Mike Lee on What Happened between 1976 and 1980 in the Conservative Movement

October 30th, 2013

In a speech at Heritage, Senator Mike Lee laid out his vision of conservatism. He offered an interesting account of the factors that led to Reagan in 1980, including (why not) Bork and Scalia!

Much of the difference can be found in what happened between 1976 and 1980 — the hard, heroic work of translating conservatism’s bedrock principles into new and innovative policy reforms.

In The Conservative Mind, Russell Kirk observed that “conservatives inherit from [Edmund] Burke a talent for re-expressing their convictions to fit the time.”

That is precisely what the conservatives of the late 1970s did. The ideas that defined and propelled the Reagan Revolution did not come down from a mountain etched in stone tablets.

They were forged in an open, roiling, diverse debate about how conservatism could truly meet the challenges of that day. That debate invited all conservatives and, as we know, elevated the best.

There was Jack Kemp, advancing supply-side economics to combat economic stagnancy.

There were James Buckley and Henry Hyde, taking up the cause of the unborn after Roe v. Wade.

There was Milton Friedman, promoting the practical and moral superiority of free enterprise.

There were Cold Warriors like Irving Kristol and Jeane Kirkpatrick, challenging the premise of peaceful coexistence and moral equivalence with the Soviets.

There were Peter Berger and Richard John Neuhaus, arguing that the “mediating institutions” of civil society protected and promoted human happiness more effectively than big-government programs.

There were Professors Robert Bork and Antonin Scalia, challenging the received wisdom of constitutional interpretation laid down by the Warren Court.

There were think tanks like the American Enterprise Institute and the new Cato Institute, and a flowering of grassroots organizations around the country.

And of course, in the middle of it all, there were Paul Weyrich, Ed Feulner, Joseph Coors, and the Heritage Foundation, specifically founded to chart a new, conservative direction for public policy in America.
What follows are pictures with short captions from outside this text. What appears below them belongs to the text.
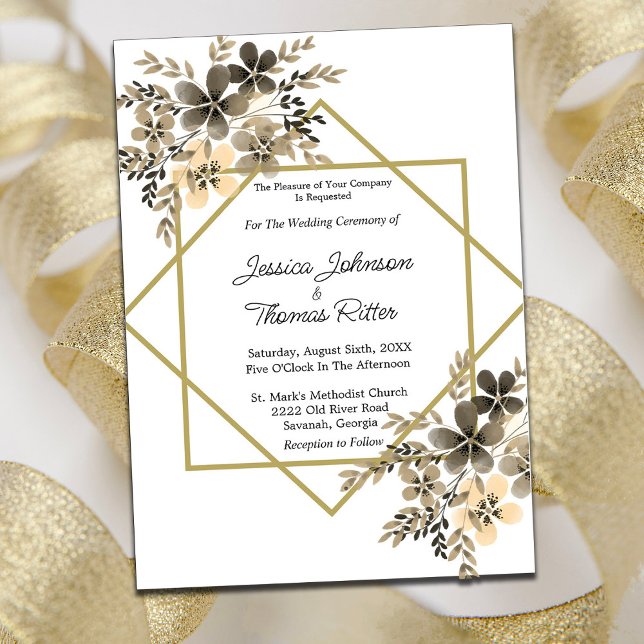 Invitación a la boda floral con marco dorado de co (Subido por el creador)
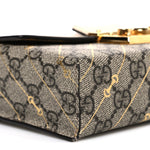 GG Supreme Monogram Calfskin Horsebit Print Mini Padlock Top Handle Shoulder Bag Beige Ebony Light Pink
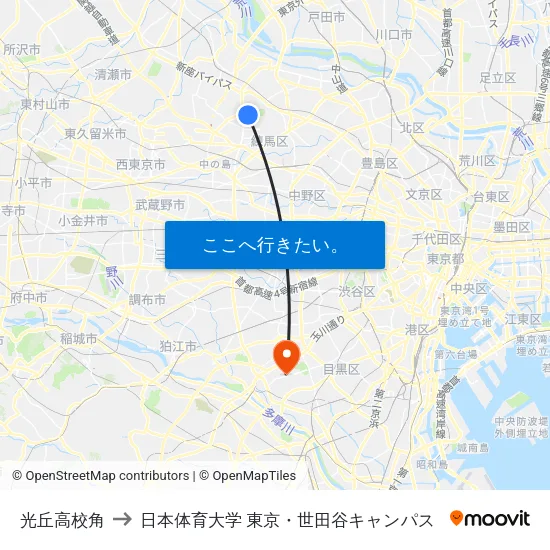 光丘高校角 to 日本体育大学 東京・世田谷キャンパス map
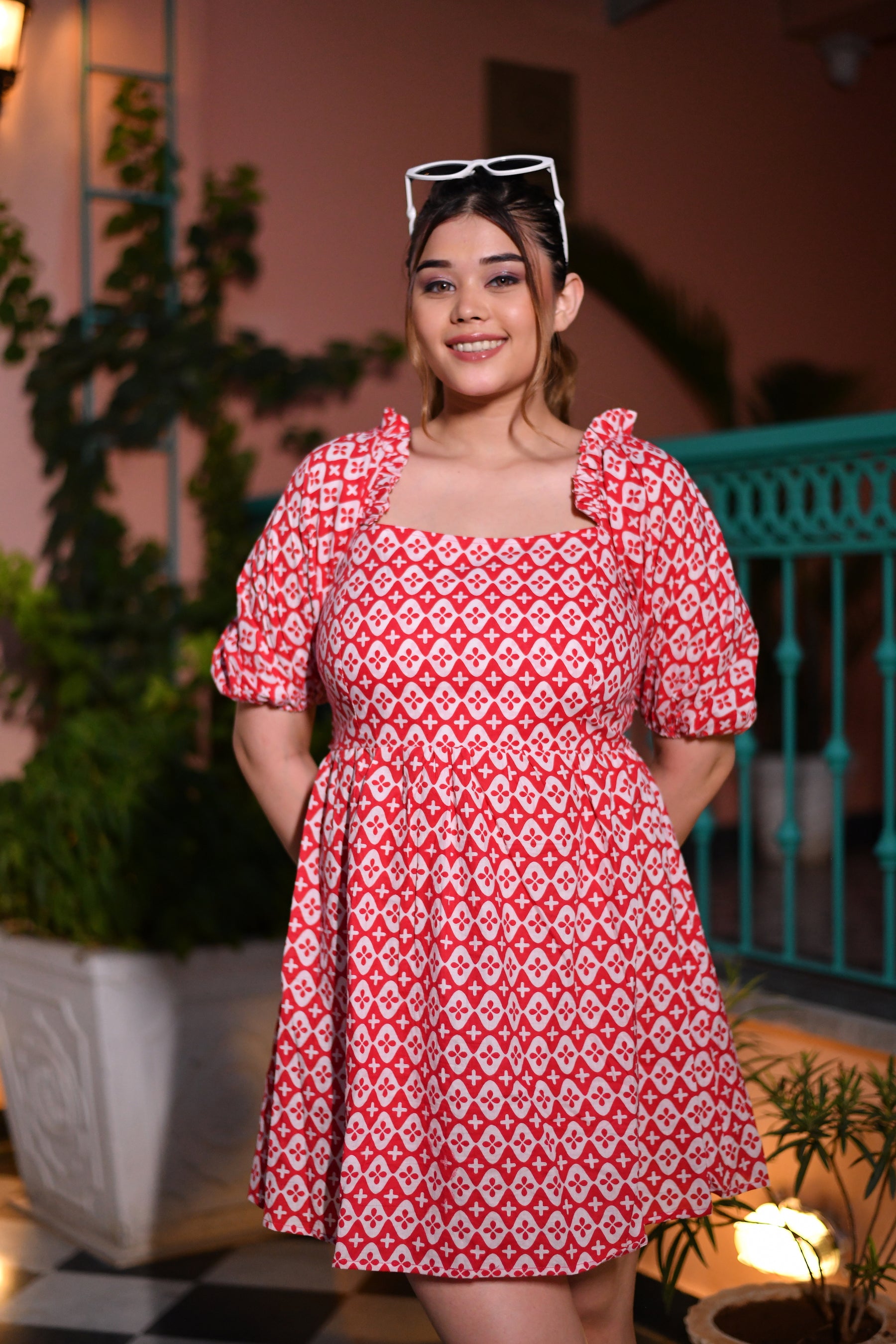 Bow Featured Short Cotton Dress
Together, that generation of conservatives transformed a movement that was anti-statist, anti-Communist, and anti-establishment, and made it pro-reform.

Lee also pitches a huge tent with conservatives, moderates, and libertarians.

It’s time for another Great Debate, and we should welcome all input.

Grassroots and establishment. Conservatives and moderates. Libertarians and traditionalists. Interventionists and non-interventionists. Economic conservatives and social conservatives. All are part of our movement, and all are vital to our success — so all should be welcome in this debate.

There are still nearly three years before Republicans will have a chance to select a new, unifying conservative leader. But together we can start debating and developing a new, unifying conservative agenda right now.